On peut y considérer encore l'étrange atermoiement théorique qui ne sait plus quelle grille utiliser pour appréhender le réel; présageant que la grille socio-économique ne suffit plus, se cherche, au gré des sujets, une grille géographique (1) ou encore comme ici celle du genre.

Mais c'est peut-être confondre l'ordre politique et l'ordre théorique

La question politique

On confond sans doute représentation et ressemblance ! Or pas plus qu'au théâtre, non plus qu'en linguistique le représentant n'a besoin de coïncider avec le représenté pour être opératoire - bien au contraire - pas plus ici l'élu n'a besoin de ressembler à son électorat, d'ailleurs divers, pour remplir correctement son mandat. L'élu est le porteur de l'intérêt général exprimé par le corps des citoyens et l'on a presque envie de dire qu'importe le messager pourvu que soit porté le message. Bien entendu il vaudrait mieux que l'élu soit le plus proche de ses électeurs pour porter correctement leurs attentes mais n'oublions pas que l'on attend précisément du citoyen qu'il dépasse ses propres intérêts particuliers pour exprimer l'idée seule qu'il se fait de l'intérêt général. L'élu est une abstraction comme le citoyen et, pour fonctionner, l'abstraction précisément fait abstraction des distinctions accidentelles.
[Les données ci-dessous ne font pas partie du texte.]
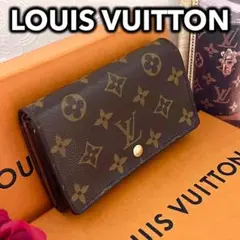 LOUIS VUITTON モノグラム 折財布 美品 メンズ レディース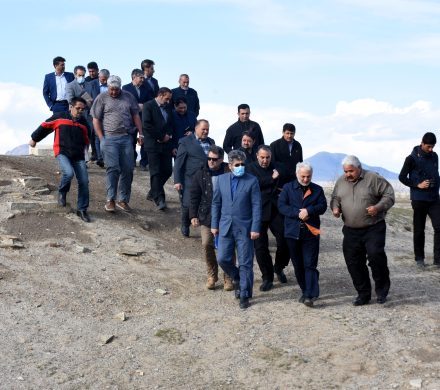 دیدار و گفتگو با اهالی خونگرم روستای گوگ تپه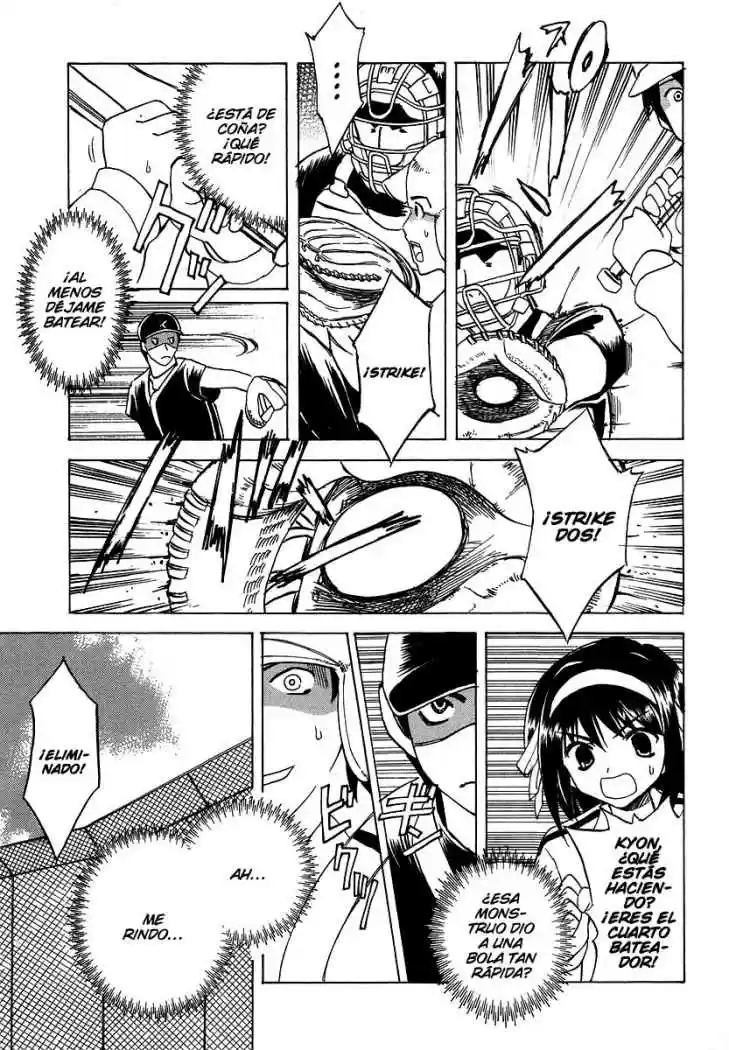 Suzumiya Haruhi-chan no Yuuutsu (2007) - Capítulo 10 - Página 30 - LectorTMOo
Mais bon, me dira-t-on, ce serait plus juste. Sans conteste. Cela dit seulement l'extraordinaire ingéniosité mobilisée par le système pour se reproduire : la loi prédispose la parité des candidats ; ne le peut des élus : il suffit donc de présenter des femmes où la victoire semble hors d'atteinte pour satisfaire aux exigences de la loi sans céder d'un pousse à ses préjugés !

Je n'ai jamais été chaud partisan de la loi sur la parité gageant que la république ne connût que des citoyens et que ce serait une erreur que de tracer des divisions entre genres qui par la bande ramène aux mêmes affres que le communautarisme. La solution viendra, lentement et s'observera le jour où l'on n'aura même plus à se poser la question. Je comprends les impatiences je ne peux néanmoins pas ne pas me souvenir que les femmes ne votent que depuis 45 ; qu'elles ne travaillent massivement que depuis les années 60 et qu'il faut sans doute beaucoup plus de temps que cela pour que ceci produise tous ses effets dans le pays légal.

L'ordre théorique

Est-ce contamination de la sociométrie, de la prolifération de ces sondages qui mesurent l'opinion à partir de paramètres tels sexe, âge et catégorie socioprofessionnelle etc, mais qui ce faisant ne peuvent pas ne pas laisser accroire que ce seraient ces paramètres qui fussent déterminants ?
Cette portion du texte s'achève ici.